Katie Fehrenbacher - clean power

Bloom Energy founder KR Sridhar said at the Wall Street Journal Eco:nomics summit on Thursday that advances in Internet technologies have made it possible for the company to remotely monitor and control its fuel cell the Bloom server. I was curious to learn more about the IT of the Bloom server, so I asked the company for more details. Here’s my Q&A with a company spokesperson:

Q). Is there a communications technology and network connecting Bloom boxes to Bloom back offices for monitoring? If so, what connection is being used? (wireless, like WiFi, cellular, GPS, etc, powerline, or even broadband connection?).

A). Each Bloom system requires three connections — a fuel input, an electric output, and an internet VPN connection. The internet connection allows us to securely monitor and manage overall system performance much like a network operations center for internet data centers.

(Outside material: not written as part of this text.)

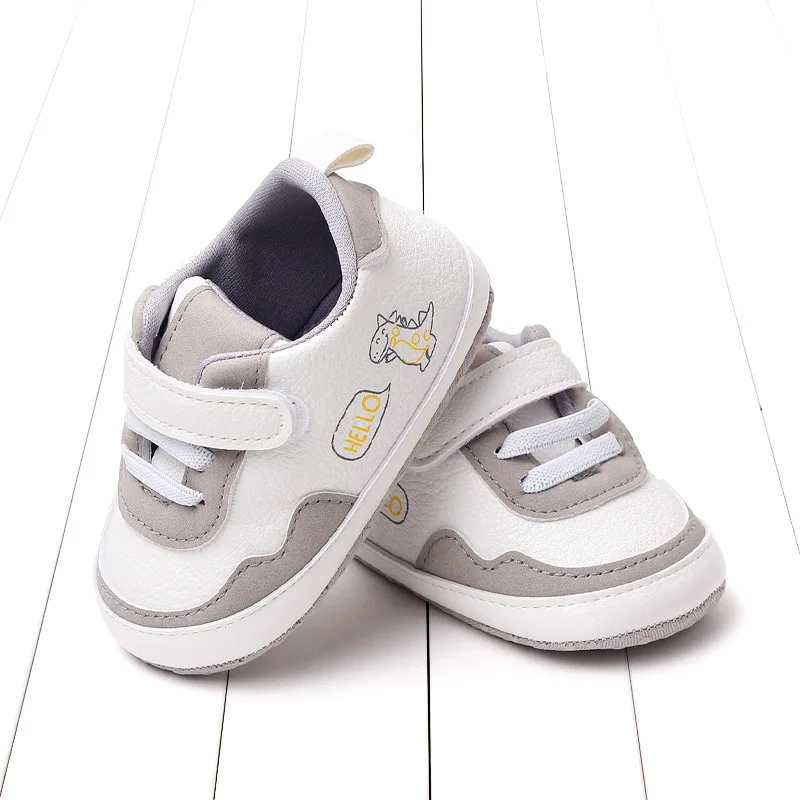 New Color Blocked 0-18M Spring And Autumn Baby Shoes For Men And Women PU Cartoon Printed Casual Sports Soft Soled Baby Walking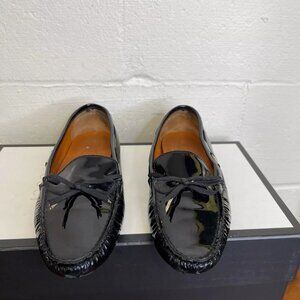 Salvatore Ferragamo 10520 Black Patent Leather Mocassin Slip On Womens Sz 7.5 B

Q). How often is the Bloom server being monitored? On a real time basis? Just connected for an as-needed basis?

A). Bloom technicians monitor all of the installed systems 24/7/365 at a centralized Command Center, which provides real-time insights into performance for each one of our customers' installed Bloom Energy Servers. This allows us to both ensure the highest levels of performance for our customers and to gather data for learning.

Q). What is the purpose of routine monitoring and control?

A). While our customers deploy our units on their site, they just want the electricity to come out of their wall socket as it always has with no additional burden. To accomplish this Bloom provides 24/7/365 monitoring and maintenance for every system we install. Our remote monitoring capabilities allow us to track everything from temperatures, to voltages, to currents, to fuel flow rates, etc.. Our technicians are able to make adjustments remotely as necessary to ensure high levels of performance and reliability. We also use this capability to gather run-time data to help us optimize how we operate and design future units.

For More Coverage on the IT of Bloom Energy:

Bloom Energy and Data Centers – Perfect Together? (subscription required)

Bloom Energy's Sweet Spot: Data Center Backup?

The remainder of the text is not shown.